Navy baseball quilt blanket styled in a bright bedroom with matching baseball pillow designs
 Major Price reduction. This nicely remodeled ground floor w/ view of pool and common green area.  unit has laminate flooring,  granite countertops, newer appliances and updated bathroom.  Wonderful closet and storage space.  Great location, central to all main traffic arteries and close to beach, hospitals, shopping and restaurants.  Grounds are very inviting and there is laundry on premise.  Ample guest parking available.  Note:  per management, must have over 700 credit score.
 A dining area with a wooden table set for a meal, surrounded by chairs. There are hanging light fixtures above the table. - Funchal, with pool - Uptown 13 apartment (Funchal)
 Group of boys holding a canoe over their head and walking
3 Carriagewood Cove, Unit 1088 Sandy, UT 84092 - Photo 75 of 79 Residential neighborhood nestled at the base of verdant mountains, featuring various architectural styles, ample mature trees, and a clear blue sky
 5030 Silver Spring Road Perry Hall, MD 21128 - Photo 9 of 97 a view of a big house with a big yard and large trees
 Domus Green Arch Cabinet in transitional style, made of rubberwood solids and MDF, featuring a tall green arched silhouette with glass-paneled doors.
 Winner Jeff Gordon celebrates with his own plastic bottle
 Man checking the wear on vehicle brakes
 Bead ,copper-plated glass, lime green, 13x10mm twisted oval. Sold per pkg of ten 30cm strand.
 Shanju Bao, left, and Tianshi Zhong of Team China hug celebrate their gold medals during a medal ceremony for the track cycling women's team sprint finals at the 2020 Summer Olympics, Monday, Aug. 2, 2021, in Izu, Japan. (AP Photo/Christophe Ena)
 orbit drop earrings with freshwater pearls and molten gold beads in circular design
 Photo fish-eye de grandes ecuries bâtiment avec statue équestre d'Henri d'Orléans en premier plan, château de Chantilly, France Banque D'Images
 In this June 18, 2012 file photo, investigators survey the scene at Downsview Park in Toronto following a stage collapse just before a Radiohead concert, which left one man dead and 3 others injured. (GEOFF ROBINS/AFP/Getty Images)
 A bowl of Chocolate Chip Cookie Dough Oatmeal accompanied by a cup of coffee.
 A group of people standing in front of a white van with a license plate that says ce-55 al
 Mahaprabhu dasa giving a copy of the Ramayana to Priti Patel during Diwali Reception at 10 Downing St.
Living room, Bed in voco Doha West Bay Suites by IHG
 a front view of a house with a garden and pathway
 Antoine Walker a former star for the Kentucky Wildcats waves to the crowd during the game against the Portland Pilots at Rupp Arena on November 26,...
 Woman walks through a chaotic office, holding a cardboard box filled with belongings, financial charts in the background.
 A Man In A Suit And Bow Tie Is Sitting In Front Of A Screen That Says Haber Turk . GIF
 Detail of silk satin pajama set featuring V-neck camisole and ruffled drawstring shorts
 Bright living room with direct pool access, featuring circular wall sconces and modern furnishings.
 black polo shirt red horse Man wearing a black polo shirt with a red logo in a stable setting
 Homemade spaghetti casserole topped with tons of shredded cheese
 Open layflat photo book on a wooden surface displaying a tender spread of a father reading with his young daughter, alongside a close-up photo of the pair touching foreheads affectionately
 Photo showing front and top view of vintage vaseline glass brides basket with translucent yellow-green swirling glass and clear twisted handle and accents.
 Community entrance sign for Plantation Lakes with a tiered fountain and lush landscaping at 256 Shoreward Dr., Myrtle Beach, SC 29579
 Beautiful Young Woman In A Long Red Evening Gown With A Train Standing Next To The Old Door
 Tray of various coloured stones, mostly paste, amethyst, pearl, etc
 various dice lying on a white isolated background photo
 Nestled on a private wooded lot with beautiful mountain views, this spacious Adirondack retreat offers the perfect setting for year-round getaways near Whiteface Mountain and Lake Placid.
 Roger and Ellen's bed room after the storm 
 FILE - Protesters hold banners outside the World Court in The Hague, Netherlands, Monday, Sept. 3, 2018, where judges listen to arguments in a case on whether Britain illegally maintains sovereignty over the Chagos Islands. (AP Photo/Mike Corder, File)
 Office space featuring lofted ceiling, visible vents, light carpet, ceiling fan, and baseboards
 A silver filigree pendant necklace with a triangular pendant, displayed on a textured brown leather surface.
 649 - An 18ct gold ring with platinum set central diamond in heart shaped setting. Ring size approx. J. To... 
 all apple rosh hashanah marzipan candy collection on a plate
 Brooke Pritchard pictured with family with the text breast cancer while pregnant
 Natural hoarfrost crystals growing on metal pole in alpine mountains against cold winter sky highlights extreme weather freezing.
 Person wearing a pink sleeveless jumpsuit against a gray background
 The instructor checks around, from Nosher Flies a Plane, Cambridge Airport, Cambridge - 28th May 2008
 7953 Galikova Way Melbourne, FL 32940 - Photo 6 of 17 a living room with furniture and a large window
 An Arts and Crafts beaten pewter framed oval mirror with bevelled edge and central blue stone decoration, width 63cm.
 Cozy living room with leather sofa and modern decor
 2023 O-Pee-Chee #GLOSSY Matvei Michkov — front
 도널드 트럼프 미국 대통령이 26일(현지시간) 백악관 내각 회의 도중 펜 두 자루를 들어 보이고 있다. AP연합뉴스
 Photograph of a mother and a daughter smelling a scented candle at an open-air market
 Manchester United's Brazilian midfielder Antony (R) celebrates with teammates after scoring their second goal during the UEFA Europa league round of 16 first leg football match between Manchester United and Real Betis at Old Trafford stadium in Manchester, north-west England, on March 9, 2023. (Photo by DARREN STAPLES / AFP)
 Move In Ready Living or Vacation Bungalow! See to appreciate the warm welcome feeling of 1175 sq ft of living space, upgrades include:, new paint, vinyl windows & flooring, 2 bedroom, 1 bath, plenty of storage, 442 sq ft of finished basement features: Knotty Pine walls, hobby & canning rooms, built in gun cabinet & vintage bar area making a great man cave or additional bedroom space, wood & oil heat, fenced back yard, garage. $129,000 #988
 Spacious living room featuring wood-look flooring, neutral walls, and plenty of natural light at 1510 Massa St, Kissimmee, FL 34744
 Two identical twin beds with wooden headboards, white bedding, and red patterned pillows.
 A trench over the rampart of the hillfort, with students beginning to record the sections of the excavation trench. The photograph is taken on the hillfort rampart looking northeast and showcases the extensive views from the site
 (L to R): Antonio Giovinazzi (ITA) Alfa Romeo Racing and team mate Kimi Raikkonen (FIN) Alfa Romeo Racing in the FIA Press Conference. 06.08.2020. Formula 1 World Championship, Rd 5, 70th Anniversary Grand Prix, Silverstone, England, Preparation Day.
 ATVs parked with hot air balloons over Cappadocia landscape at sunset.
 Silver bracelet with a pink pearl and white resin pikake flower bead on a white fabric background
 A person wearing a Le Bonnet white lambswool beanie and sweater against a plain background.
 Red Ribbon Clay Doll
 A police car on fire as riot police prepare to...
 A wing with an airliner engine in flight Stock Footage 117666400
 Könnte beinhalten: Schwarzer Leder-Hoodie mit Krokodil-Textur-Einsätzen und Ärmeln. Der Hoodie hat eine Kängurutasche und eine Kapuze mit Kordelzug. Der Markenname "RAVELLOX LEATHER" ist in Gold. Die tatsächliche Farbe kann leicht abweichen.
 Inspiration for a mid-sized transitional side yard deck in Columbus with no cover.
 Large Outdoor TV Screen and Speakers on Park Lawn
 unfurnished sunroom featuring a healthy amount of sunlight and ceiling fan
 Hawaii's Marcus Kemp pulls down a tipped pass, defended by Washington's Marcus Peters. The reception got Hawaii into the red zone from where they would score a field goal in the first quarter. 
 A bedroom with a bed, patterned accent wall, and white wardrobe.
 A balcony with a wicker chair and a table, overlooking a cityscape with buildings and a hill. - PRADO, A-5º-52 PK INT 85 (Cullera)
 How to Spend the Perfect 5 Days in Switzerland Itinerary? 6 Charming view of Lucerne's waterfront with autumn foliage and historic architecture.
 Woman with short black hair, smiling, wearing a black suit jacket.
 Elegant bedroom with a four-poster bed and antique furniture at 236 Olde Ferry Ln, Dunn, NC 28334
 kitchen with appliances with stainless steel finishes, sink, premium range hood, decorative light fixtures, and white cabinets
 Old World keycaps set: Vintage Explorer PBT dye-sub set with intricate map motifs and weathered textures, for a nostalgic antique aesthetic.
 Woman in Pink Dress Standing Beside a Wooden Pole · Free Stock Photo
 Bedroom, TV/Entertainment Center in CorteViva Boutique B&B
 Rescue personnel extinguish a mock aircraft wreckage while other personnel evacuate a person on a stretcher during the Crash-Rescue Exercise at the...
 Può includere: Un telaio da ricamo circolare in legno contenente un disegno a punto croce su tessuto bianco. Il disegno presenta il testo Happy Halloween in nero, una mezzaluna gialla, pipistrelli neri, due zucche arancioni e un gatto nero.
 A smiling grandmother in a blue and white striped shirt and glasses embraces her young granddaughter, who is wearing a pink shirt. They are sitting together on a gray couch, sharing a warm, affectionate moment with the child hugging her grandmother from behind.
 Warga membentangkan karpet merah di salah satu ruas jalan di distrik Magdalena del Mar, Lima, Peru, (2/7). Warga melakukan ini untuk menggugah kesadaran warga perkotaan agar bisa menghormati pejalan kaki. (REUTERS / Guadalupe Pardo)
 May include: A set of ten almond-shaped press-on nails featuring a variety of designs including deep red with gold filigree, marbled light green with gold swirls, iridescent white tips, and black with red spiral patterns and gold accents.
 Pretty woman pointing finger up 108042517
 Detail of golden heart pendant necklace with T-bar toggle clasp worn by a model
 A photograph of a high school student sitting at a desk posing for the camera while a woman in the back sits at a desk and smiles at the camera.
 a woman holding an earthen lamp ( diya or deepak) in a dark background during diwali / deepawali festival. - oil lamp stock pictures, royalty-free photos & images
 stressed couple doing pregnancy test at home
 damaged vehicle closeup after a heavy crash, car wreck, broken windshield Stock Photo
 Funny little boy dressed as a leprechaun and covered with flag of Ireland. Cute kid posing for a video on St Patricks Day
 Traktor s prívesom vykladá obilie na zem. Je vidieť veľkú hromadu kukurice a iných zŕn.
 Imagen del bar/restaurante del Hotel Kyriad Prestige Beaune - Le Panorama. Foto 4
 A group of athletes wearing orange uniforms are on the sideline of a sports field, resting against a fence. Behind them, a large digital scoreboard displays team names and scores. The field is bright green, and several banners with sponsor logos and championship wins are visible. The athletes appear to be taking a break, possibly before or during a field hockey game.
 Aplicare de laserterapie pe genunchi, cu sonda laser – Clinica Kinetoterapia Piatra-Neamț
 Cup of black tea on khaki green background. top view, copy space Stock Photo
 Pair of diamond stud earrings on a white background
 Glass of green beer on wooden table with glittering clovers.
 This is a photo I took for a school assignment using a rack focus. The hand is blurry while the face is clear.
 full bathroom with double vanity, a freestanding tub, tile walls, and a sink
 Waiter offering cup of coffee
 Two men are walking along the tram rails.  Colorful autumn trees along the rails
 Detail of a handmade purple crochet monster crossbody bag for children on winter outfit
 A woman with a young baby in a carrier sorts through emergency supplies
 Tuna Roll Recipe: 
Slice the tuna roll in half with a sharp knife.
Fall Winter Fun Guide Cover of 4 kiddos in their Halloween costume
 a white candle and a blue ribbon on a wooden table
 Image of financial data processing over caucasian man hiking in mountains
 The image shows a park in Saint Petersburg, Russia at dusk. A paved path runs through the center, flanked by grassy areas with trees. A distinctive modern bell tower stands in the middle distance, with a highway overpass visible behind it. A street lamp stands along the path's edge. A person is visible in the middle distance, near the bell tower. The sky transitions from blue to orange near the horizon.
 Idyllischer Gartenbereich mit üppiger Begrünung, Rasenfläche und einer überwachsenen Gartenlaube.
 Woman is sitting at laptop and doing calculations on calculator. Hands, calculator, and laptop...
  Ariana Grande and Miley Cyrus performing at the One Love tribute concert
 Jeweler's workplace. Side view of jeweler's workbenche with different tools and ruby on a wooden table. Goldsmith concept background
■ ■ ■ ■
From the records above, print only the lines between the one holding "various dice lying" and the one holding "Roger and Ellen's bed room after the storm", inclusive, exactly as they stand.

 various dice lying on a white isolated background photo
 Nestled on a private wooded lot with beautiful mountain views, this spacious Adirondack retreat offers the perfect setting for year-round getaways near Whiteface Mountain and Lake Placid.
 Roger and Ellen's bed room after the storm 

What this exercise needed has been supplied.